Avec 207 tours, soit 1206,189 km abattus en 24 heures, Becker l'emporte devant Vulliamy, également monté sur un équipage mené par le twin semi-culbuté de Milwaukee (191 tours du circuit de 5,827 kms). La moyenne de Becker, ci-dessus au pesage à Neuilly, établie à 50,25 km/h ne paraît pas exceptionnelle, mais elle bat cependant celle de Gex au Bol 1922 sur une Motosacoche 1000 chouchoutée par le concessionnaire national sans doute plus intéressé par de bons résultats que celui de Harley.

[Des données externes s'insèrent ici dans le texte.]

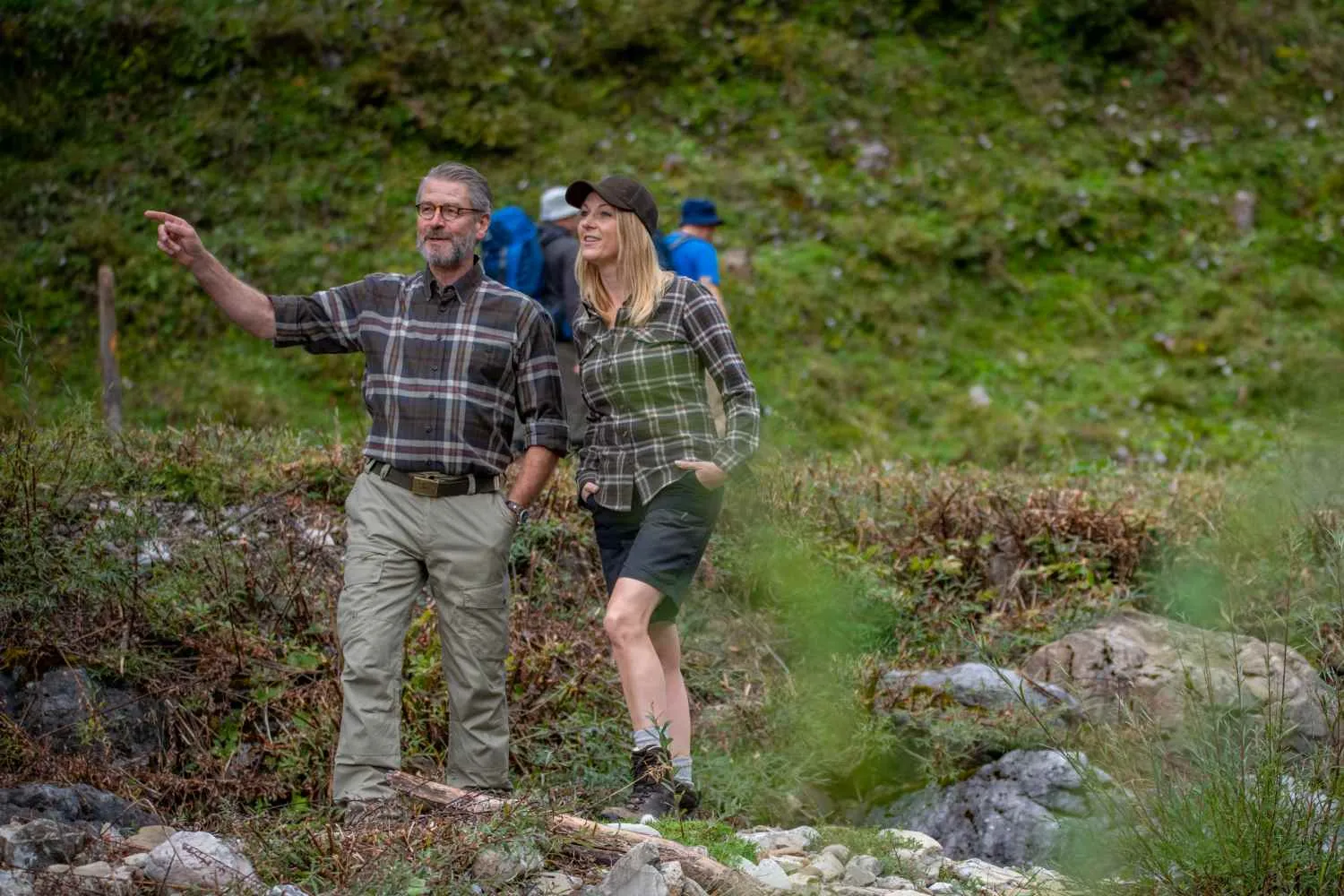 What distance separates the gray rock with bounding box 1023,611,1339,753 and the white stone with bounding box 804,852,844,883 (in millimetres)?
1565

L'une des sensations d'une point de vue technique fut la première apparition dans une compétition française d'un britannique 350 Bradshaw. C'est Rovin qui avait engagé en sidecar une machine confiée à Roggero (Ci-dessus).

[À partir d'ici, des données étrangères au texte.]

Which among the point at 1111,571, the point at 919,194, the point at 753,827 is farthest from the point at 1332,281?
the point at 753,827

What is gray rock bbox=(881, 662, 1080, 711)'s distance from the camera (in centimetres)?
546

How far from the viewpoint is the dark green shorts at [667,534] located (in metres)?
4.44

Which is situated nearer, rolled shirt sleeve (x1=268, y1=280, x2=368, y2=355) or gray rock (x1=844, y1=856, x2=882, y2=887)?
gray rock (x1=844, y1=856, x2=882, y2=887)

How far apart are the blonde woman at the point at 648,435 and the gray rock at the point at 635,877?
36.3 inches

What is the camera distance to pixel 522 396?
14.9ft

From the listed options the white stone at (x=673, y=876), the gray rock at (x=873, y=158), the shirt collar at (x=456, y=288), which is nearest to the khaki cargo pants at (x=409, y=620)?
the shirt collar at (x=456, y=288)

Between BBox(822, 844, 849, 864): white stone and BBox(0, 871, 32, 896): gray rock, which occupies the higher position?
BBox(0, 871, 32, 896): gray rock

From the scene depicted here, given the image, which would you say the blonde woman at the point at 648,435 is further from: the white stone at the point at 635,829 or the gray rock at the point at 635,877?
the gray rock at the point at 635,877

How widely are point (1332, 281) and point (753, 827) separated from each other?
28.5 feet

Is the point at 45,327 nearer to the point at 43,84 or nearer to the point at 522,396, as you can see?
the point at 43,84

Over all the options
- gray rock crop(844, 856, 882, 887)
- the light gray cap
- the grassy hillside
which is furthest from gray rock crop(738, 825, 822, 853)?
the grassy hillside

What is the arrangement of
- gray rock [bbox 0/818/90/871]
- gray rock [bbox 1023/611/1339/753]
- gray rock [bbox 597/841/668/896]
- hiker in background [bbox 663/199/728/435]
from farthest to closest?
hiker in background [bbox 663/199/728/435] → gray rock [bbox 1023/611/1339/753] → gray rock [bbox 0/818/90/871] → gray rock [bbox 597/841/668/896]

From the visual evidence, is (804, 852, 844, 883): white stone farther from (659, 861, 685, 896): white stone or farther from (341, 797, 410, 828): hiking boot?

Roggero encore dont le passager se livre à une gymnastique qui déplaisait fortement aux partisans d'un tourisme tranquille symbolisé part le sidecar. La photo a sans doute été prise au matin du dimanche car les militaires ont abandonné la posture autoritaire qu'ils étaient censés incarner autour du circuit.
Doté d'un révolutionnaire refroidissement par huile et air, jamais vu dans le domaine motocycliste, le Bradshaw ne réussit pas à convaincre et ne se trouva que chez une grosse demi-douzaine de constructeurs. En France, seuls Rovin et D.F.R. séduits par son aspect moderne le montèrent sur des machines probablement à exemplaires uniques.
Spécialiste des longues distances (en 1914, il a fait un Paris-Marseille sur René-Gillet à 46 de moyenne !), Emmanuel Dubost a pris du service chez D.F.R. au Bol en sidecar 350. Le bouquet honore la deuxième place qu'il a apportée à l'un des créateurs de la marque Pierre de Font-Réaulx, ici à sa droite guillotiné par le photographe.
Seul en sidecar 600 cm3, Mignot a de ce fait "établi le record de la catégorie" en menant sa Triumph à 35,900 km de moyenne.
(Toutes les photos d'action de l'article sont © BNF - Gallica)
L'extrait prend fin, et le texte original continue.